JAIC , Volume 39, Number 3, Article 4 (pp. to )
JAIC online
Journal of the American Institute for Conservation
JAIC , Volume 39, Number 3, Article 4 (pp. to )

OBSERVATIONS ON CYCLODODECANE AS A TEMPORARY CONSOLIDANT FOR STONE

RENÉE STEIN, JOCELYN KIMMEL, MICHELE MARINCOLA, & FRIEDERIKE KLEMM



2 2. PHYSICAL AND WORKING PROPERTIES

Cyclododecane (C12H24) is a translucent, waxy hydrocarbon solid, with a melting range between 58° and 61°C. The 12-carbon molecule is cyclic and unbranched. With continued exposure to air, the solid will completely disappear through sublimation, in a manner similar to camphor. Cyclododecane is readily soluble in nonpolar and aromatic solvents and is poorly soluble in polar solvents. It is insoluble in water and therefore exhibits strong hydrophobicity.

Cyclododecane is commercially manufactured as a sealing wax. Brückle et al. (1999) reported that it is used as an additive in fragrances and synthetic waxes. Cyclododecane also serves as an auxiliary binder in the injection molding of ceramics and metal powders, improving casting accuracy and efficiency by promoting the removal of binders through sublimation (Hanamura and Katuyoshi 1988; Okamoto 1990). The Material Safety Data Sheet lists low toxicity and gives no restrictions on handling. Cyclododecane is not reported by the supplier, Kremer Pigments, to contain either additives or impurities.

Cyclododecane can be heated and applied as a melt, using a brush or heated spatula. Sticks of cyclododecane can be molded to fit into a hot-glue gun or other applicator with a warming chamber. McGowan (1999) described the use of a tool with a heated chamber and Teflon roller. Alternatively, cyclododecane may be dissolved in nonpolar or aromatic solvents and introduced by spray, brush, or injection. The concentration of saturated solutions varies with individual solvents; thus the amount of consolidant delivered by a given volume of saturated solution will vary with solvent choice. Saturated solvent solutions exhibit very low viscosity, and their mobility promotes ease of application by brush, squeeze bottle, sprayer, or syringe, although fast-evaporating solvents may quickly result in clogged needles or nozzles.

In order to observe coatings formed by various cyclododecane delivery systems, glass slides were brushed with cyclododecane applied as a melt and as saturated solutions in xylenes, Shellsol OMS, and hexanes. Shellsol OMS, formerly called Sol 71 and Odorless Mineral Spirits, is produced by Shell Chemicals and is described in the manufacturer's literature as a mixture of predominantly branched-chain, saturated hydrocarbons (C3-C12) with less than 0.1% aromatics. These three solvents were selected for evaluation because they provide a range of solubility parameters and evaporation rates.

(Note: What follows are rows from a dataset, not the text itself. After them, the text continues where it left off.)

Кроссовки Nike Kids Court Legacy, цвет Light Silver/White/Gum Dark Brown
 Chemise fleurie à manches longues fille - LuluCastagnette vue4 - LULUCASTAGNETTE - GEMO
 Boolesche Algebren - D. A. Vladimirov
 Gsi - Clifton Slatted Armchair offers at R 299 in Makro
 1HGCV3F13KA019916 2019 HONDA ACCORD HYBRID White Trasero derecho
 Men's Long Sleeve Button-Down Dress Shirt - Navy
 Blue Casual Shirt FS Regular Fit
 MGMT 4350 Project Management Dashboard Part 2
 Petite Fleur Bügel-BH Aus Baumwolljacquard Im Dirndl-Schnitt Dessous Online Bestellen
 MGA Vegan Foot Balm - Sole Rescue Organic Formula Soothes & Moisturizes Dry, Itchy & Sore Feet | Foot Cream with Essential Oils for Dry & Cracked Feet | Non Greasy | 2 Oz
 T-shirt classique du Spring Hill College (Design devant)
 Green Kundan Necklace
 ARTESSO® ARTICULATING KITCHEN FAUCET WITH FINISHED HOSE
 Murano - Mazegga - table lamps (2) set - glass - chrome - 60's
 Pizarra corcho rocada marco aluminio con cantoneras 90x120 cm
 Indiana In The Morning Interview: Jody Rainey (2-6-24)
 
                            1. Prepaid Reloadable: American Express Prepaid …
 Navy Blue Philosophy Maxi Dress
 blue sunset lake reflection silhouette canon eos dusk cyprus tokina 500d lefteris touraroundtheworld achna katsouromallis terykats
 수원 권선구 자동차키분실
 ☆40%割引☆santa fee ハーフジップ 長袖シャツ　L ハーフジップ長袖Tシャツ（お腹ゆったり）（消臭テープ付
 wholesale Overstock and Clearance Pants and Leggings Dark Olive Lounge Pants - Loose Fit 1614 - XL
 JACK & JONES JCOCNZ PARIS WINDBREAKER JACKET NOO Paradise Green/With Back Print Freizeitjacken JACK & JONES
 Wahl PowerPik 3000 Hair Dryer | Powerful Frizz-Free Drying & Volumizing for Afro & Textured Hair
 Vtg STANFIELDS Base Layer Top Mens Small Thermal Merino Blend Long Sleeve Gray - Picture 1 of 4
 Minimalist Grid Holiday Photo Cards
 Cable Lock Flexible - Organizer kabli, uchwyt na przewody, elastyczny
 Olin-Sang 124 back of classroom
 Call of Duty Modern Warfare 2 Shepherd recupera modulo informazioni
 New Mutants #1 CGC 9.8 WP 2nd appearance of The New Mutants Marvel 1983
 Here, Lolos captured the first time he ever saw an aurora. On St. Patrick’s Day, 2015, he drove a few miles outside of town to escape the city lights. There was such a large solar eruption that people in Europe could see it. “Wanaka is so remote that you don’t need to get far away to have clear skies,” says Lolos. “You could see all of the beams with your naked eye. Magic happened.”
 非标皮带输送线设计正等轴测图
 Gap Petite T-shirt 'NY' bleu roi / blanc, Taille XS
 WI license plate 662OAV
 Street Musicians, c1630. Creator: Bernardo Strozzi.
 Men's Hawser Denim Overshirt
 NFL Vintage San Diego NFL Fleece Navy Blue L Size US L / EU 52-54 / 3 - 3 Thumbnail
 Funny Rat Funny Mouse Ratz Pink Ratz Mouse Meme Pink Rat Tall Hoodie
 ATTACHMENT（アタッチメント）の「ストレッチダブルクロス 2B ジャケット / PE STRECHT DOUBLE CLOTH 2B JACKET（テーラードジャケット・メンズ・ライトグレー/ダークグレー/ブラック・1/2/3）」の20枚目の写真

Saturated solutions of cyclododecane were prepared by continually adding known quantities of the consolidant to a known quantity of solvent until no further dissolution occurred and small amounts of solid cyclododecane remained visible in the solution. A saturated solution in Shellsol OMS was found to be approximately 80% wt/wt, while a saturated solution in xylenes was approximately 120% wt/wt and in hexanes was 140% wt/wt. Glass slides were then painted with each saturated solution and with melted cyclododecane. Upon evaporation of the solvents and upon cooling of the melted consolidant, crystal-like structures of cyclododecane formed on the slides. As a wax, cyclododecane is not a fully crystalline solid. The size and pattern of cyclododecane crystal-like structures differ with delivery method (fig. 1). A closely interwoven network of relatively large acicular crystal-like structures formed from the melted cyclododecane. The size and pattern of the coatings formed by the three solvent systems vary with the solvent's evaporation rate. Slides brushed with the Shellsol OMS solution showed, comparatively, a more open network, while those brushed with the faster-evaporating solutions produced tighter networks of smaller crystal-like structures. The consolidant delivery method may, therefore, be modified depending on the type of coating or penetration (discussed below) necessitated by treatment circumstances.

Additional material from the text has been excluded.